Y el vacío que lo carcome vuelve en cuanto cualquier otro niño ejerce su imaginación y juega a algo diferente. Suelta la enorme pelota o el juguete ostentoso que sea y corre a pedir más dinero para comprar algo “mejor”. Quico, en suma, no tiene criterio. Su conciencia flota en un océano de incertidumbres. Imita para dotarse de sentido. Se angustia siendo él, porque él no es sino una carencia provocada por “tenerlo todo” en sustitución de no tener nada. Ese “todo” constituye el “pago” que su madre le hace a cambio de su estreñido afecto. Y el resultado es un niño inseguro, pomposo, con una falsa imagen de sí, cobarde, fatuo y, para acabarla de amolar, tonto. Si el pobre Quico viviera hoy, en vez de barquitos, carritos y avioncitos de plástico, tendría I-Phones, tablets y laptops. Viviría conectado y sería un genuino millennial y un conspicuo nini. Y muy probablemente, también, un destacado miembro del club de los “nuevos políticos” de nuestra refleja posmodernidad “líquida”, en la que todo lo sólido se fuma, se esnifa o se sorbe para volverse humo, flatulencia y orines. Eso sí, con aroma y pertinencia “decolonial” finamente asistida por Soros.

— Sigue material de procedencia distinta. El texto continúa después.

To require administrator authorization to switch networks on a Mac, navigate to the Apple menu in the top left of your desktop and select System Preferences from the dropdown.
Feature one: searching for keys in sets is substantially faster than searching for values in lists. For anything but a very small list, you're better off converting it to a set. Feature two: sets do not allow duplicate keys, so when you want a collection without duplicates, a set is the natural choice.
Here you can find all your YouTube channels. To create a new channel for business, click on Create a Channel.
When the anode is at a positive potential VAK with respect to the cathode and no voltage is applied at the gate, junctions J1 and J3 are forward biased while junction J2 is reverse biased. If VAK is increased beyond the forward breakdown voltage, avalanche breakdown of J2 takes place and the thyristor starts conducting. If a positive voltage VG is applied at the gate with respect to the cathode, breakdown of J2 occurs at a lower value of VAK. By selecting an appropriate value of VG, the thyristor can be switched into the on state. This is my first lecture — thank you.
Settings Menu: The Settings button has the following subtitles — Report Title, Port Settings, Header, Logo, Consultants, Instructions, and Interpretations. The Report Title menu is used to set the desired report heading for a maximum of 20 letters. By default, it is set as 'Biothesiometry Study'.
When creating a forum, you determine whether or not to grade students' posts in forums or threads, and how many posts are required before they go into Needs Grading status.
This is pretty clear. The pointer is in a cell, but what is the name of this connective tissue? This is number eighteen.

La nueva vecindad del Chavo, hoy, vería a un grupo de niños formando un club de tolerancia cien, diversidad cien e ideología cero. Porque al constante ejercicio del síndrome de Quico ―es decir, a la compulsiva urgencia por “mejorar” la imitación de los demás en sus juegos a la política entreguista― no le llamarían así. Más bien hablarían de “ir más allá”, “apostarle al futuro” y “nueva política”. Sus asesores serían el señor Barriga y el profesor Girafales, y el presidenciable, sin duda, Quico, con doña Florinda detrás de él aconsejándole ―cuando tenga que hablar con las pobrerías campesinas y obreras representadas por el Chavo y don Ramón―: “¡Vámonos, tesoro, no te juntes con esa chusma!”.

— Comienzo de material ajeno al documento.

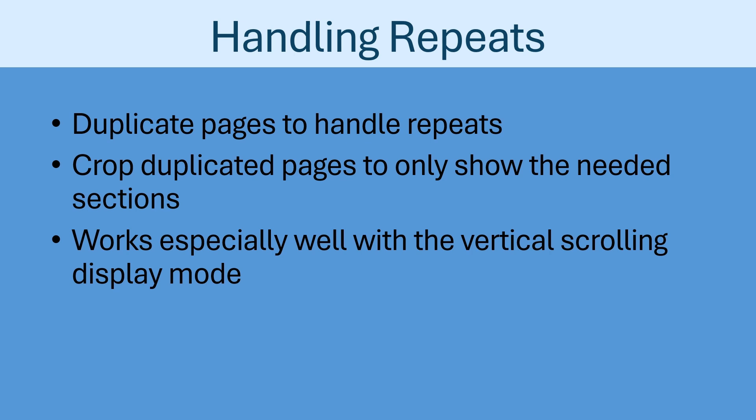This works particularly well with the vertical scrolling display mode, as the pages will be stacked together vertically, and the differences in height between the pages will not impact the usability or scaling of the pages.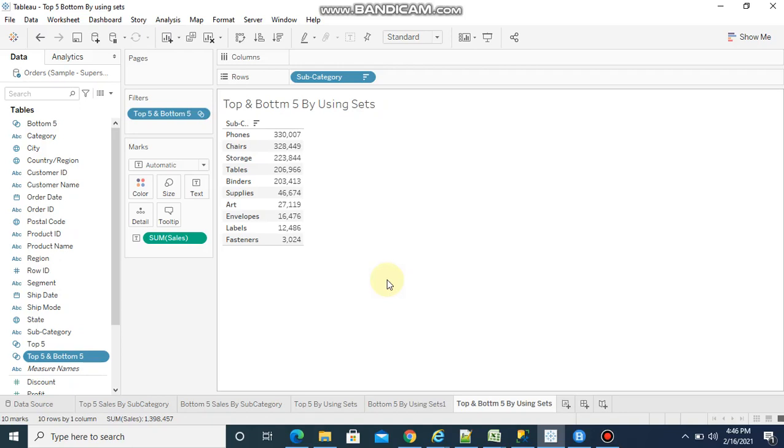Hi guys, welcome to Tableau Tutorial Tips. In this video I am going to show you how to get top 5 and bottom 5 sales by subcategory by using sets. Please subscribe, like and share this video. Thank you guys, let's start.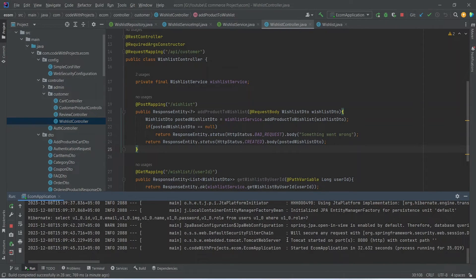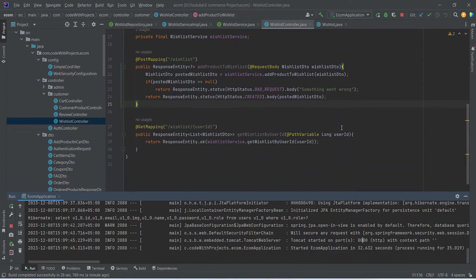Let's run our application. As you can see, our application is up without any errors. That's it for this video. In the next video, we will create a page and call this API to show the wishlist products to the user.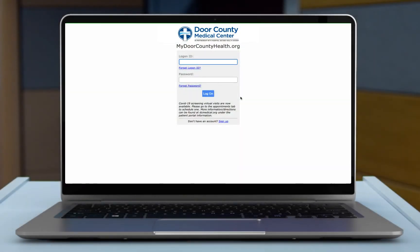Hello, my name is Shelly and I'll be demonstrating our newest portal feature. This new feature will allow you to pre-register for your appointments through Door County Medical Center's health portal.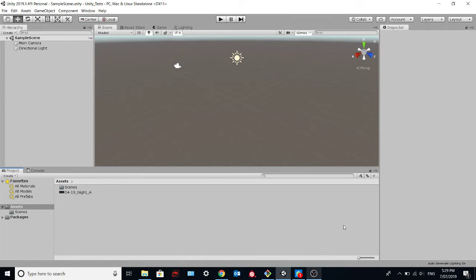Hi everyone! In this video we are going to see how to create a skybox material in Unity 3D.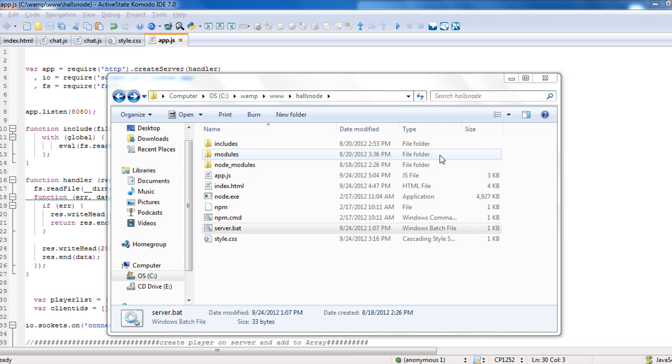Welcome to the second video in HallsNode. This is Halls of Valhalla. This is basically the setup and just basics of HallsNode, getting everything started, getting it all set up for your game.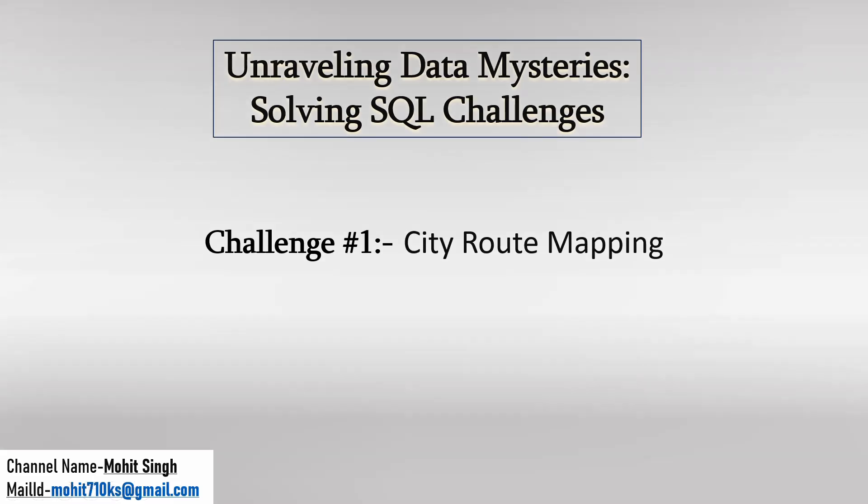Hello everyone, my name is Mohit and I welcome you all to my YouTube channel. I hope you all are doing great. So this is a new playlist which I am starting on solving SQL challenges.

El señor Barriga podría ser el ministro de finanzas y el profesor Girafales el de educación y cultura. Doña Florinda, la flamante secretaria privada de la presidencia. Y don Ramón y el Chavo los “proles” viceministros de trabajo y previsión social. La Chilindrina sería una excelente ministra de relaciones internacionales. Y doña Cleotilde, la afable jefa del ministerio público. Faltaría en el juego un jefe de la CICIG a quien encumbrar y un embajador de EEUU con quien fotografiarse. El primero podría ser Germán, el arisco hermano de don Ramón, y el otro, Jaimito el cartero, siempre tan nostálgico de Tangamandapio, su entrañable terruño añorado. Y, listo. La vecindad está pronta para que todos los “quicos” pidan su demolición a fin de erigir allí un sublime centro comercial. Quedaría sólo esperar que don Ramón y el Chavo se aburran del jueguito y defiendan su domicilio a la brava junto a todos los niños pobres del resto de vecindades.